→ The task:
In the data below, find the line containing "Imagen de la"; transcribe it and each line after it exactly, through the last, skipping pictures.

→ Supplied information:

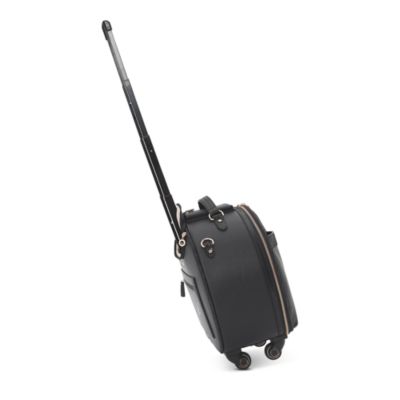 Wings Black Rose 11 Pc Luggage Set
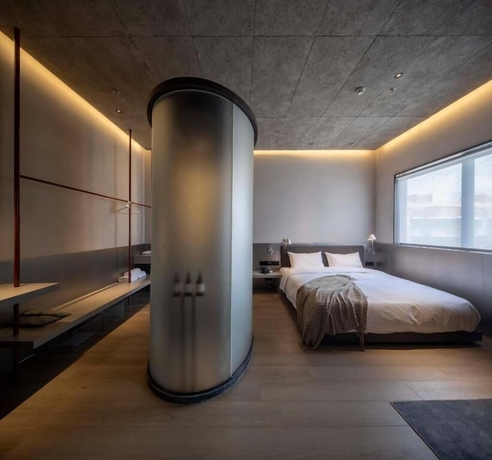 Imagen de la habitación del Hotel NOA HOTEL XIAMEN. Foto 1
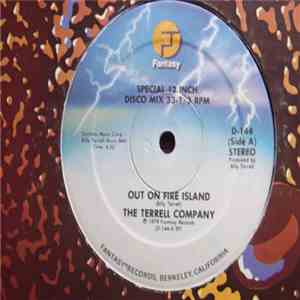 The Terrell Company - Out On Fire Island / Dancin' Wheels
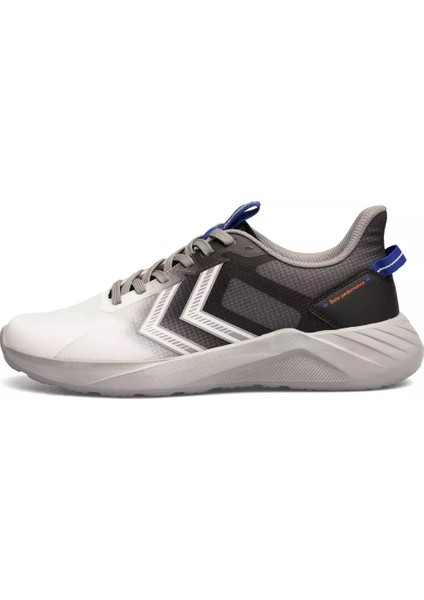 Beyaz-Siyah-Gri Fileli Hafif Unisex Spor Ayakkabı 900795 Hml Solar fiyatları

→ Answer to the problem:
 Imagen de la habitación del Hotel NOA HOTEL XIAMEN. Foto 1
 The Terrell Company - Out On Fire Island / Dancin' Wheels
 Beyaz-Siyah-Gri Fileli Hafif Unisex Spor Ayakkabı 900795 Hml Solar fiyatları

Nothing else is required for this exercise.